Et maintenant, affronter les défis du parti et du pays
Élu avec 2 440, contre 2 261 voix pour sa rivale politique Nkosazana Dlamini-Zuma, le nouveau président de l’ANC a fort à faire face aux défis auxquels sont confrontés le parti politique et l’Afrique du Sud, 18 mois avant les échéances électorales (2019) pour maintenir le Congrès national africain au pouvoir.
Combattif, Cyril Ramaphosa doit désormais faire retrouver au parti une certaine unité. Responsable légitime de l’ANC, il doit œuvrer pour changer son image ternie par dix ans de gouvernance Zuma. D’un autre côté, pour pouvoir mener une lutte effective contre la corruption, il doit pousser le président Zuma, dont il est ironiquement le « patron », tout en étant son vice-président au sein de son gouvernement, à prendre une retraite politique anticipée très rapidement dans l’année 2018.
La difficulté pour Ramaphosa est qu’il doit gérer deux centres de pouvoir : le premier au gouvernement sur lequel il ne peut avoir une grande latitude, le second au sein de l’ANC qui est lui-même fragmenté en un contre-pouvoir pro-Zuma représenté aux plus grandes instances du pouvoir du parti par les vice-président, secrétaire général et vice-secrétaire général de l’ANC, respectivement Daniel Mabuza, Ace Magashule et Jessie Duarte, eux-mêmes soupçonnés fortement de corruption ou de collusion avec la famille Gupta.
L’autre difficulté sera d’imposer ou tenter d’imposer sa propre vision réformatrice face au traditionalisme, teinté de populisme du clan Dlamini-Zuma, qui semble avoir remporté une première victoire sur le sujet de la redistribution des terres désormais admise « sans compensation » et sur l’enseignement supérieur pour lequel il souhaite la gratuité.

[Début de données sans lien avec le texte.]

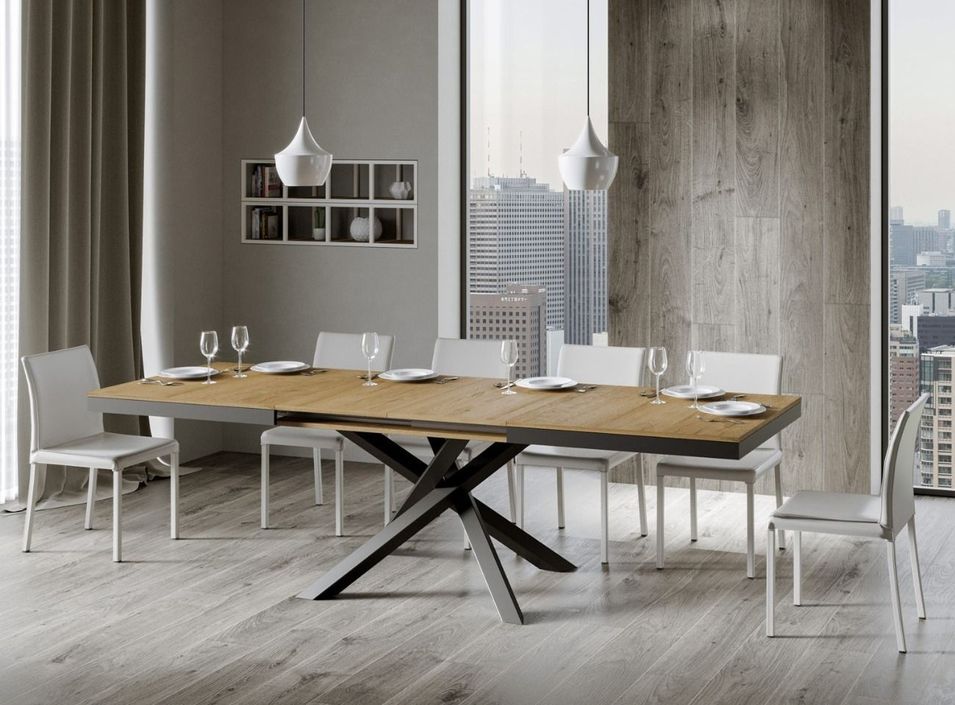 Table extensible design avec pieds entrelacés anthracite Artemis evolution - Photo n°2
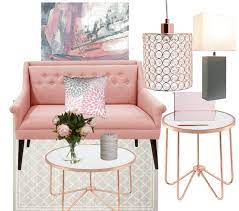 Grey and blush pink living room ideas. Blush Crush Blush Pink Rose Gold Gray Living Room Mood Board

Ramaphosa, les mains déjà liées ?
Comme l’affirme le Pr Susan Booysen de l’Université de Witwatersrand, Ramaphosa aura les mains liées et ne pourra aller aussi loin que la politique de l’ANC – décidée en juillet dernier – le lui permet et ce, aux termes de ce qui a été décidé le dernier jour de la 54e conférence nationale du Congrès.
Dans le but d’œuvrer dans le bon sens, Ramaphosa devra à nouveau faire preuve de ses dons de négociateur tant auprès de Jacob Zuma, afin que celui-ci se retire sans se sentir humilié, que sur le plan de sa volonté d’une opération mains propres. Si certains, dont dans l’opposition, s’interrogent sur sa capacité à réformer l’ANC, et par la suite le pays, d’autres le soutiennent, particulièrement les vétérans tels que Pravin Govender, et Sydney Mufamadi ancien ministre de Mbeki qui le connait très bien, ainsi que l’ex-président Motlanthe, mais aussi sans doute également son ancien rival politique, Thabo Mbeki, qui n’a pas hésité à le féliciter pour sa victoire à la présidence – Jacob Zuma ayant indirectement réussi un miracle en permettant l’instauration d’une entente cordiale entre les deux.
Pour finir, à y regarder de plus près, le pragmatisme politique et économique de Ramaphosa se rapprocherait étrangement de celui de Thabo Mbeki durant ses deux mandatures. Si les deux ont forgé ce qu’est l’Afrique du Sud post-apartheid, il se pourrait que, si l’ANC gagne en 2019, la « touche Ramaphosa » rappelle celle de l’ex-président Mbeki. En attendant, Ramaphosa devra faire preuve d’une adresse hors du commun. Ce qui est loin d’être gagné d’avance.